Monday, March 21, 2011

IMMIGRATION & TEN COMMANDMENTS: PRECURSOR



America is becoming increasingly diverse. The socially acceptable term is multicultural, but I prefer the word polytheistic. In the Bible-belt we have an exponential increase in the Hispanic (and largely Catholic) population. Nashville has become home to the largest Kurdish population outside Northern Iraq. The revolutions in Africa have settled Rwandans, Sudanese, Somalis, Ethiopians and others African nationals amongst us. The ejected European religio-political minorities of the 1990’s have founded communities of Russians, Ukrainians, Bosnians and Romanians amongst us. Middle Tennessee has simply undergone an ethnic makeover.

Those displaced people-groups represent nations, histories, political thought-forms, and borders drawn close, uncomfortably so in many cases. They also represent religious orientations: ethical ideologies, political expressions and competitive core values untouched by the American Revolution of 1776. The American Revolution was by far the most influential event in American history to establish a uniquely christian (aka, "American") society, its cultural benefits unfolding in waves until, it seems to some, just recently. Visitors to the U.S. have arrived largely through alternative means of immigration, bypassing traditional processes of Americanization, the process of which is intended to make the foreigner ideologically kindred.

To contrast our short history with the Old World, immigrant story-lines can be traced to narratives of oppression that span the deep recesses of the Middle Ages (and beyond) to the most current event in this morning's news. If we do not appreciate the intricate web of international and ethnic narratives, we simply might be tempted to think that the steady influx of immigrants represents their intense desire to experience a way of life that they recognize to be substantially superior to their own.
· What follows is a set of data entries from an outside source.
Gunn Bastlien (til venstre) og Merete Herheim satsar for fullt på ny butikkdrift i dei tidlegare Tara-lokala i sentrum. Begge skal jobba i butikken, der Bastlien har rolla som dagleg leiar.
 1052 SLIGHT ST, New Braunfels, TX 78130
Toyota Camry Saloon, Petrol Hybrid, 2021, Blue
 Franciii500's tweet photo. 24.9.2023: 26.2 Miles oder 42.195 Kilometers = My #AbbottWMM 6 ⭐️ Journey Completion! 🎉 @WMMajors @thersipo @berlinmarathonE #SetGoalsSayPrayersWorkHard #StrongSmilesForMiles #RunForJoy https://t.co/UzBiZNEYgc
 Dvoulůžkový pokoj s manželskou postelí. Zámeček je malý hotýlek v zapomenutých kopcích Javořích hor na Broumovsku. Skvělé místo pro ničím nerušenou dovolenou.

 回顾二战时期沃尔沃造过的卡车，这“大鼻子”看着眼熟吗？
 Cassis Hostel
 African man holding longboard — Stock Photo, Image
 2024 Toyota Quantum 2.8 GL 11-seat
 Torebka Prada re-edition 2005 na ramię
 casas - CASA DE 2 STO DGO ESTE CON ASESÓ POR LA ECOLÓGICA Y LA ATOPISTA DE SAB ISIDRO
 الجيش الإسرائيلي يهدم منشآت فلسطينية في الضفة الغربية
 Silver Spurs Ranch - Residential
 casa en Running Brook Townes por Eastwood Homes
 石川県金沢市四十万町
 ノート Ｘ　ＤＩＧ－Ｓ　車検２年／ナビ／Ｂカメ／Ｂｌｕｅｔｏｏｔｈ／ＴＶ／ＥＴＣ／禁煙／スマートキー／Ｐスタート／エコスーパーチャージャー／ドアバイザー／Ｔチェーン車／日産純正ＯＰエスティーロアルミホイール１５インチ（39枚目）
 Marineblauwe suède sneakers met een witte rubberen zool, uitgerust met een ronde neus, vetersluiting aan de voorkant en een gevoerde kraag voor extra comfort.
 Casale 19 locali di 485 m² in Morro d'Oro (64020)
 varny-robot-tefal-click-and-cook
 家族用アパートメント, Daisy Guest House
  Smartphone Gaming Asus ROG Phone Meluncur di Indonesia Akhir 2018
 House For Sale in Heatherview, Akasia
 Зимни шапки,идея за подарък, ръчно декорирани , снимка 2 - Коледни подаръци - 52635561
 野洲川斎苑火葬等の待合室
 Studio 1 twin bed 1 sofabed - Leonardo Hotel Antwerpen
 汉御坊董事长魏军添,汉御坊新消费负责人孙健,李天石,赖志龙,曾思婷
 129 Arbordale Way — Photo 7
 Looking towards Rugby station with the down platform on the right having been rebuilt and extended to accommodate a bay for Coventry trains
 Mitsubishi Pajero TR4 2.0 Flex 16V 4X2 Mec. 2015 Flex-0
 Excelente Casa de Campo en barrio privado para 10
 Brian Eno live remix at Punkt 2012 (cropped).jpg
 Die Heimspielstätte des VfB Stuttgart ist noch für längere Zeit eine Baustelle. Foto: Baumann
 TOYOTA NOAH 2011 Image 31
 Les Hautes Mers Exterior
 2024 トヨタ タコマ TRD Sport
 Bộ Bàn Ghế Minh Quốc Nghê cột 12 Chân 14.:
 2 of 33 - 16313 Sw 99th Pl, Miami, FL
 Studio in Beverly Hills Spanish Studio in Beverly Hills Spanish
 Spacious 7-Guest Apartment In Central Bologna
We might assume that second and third-world nations to fit into our culture on our historical and creedal terms.

The international politicization of American democracy finds us befriending visitors who are with us because of forces outside of their control. They arrive "illegally" by asylum, by lottery, by the fundamental need to preserve life and limb. The lure is less about what America religiously represents and more about what America provides: freedom from oppression. Aka, life.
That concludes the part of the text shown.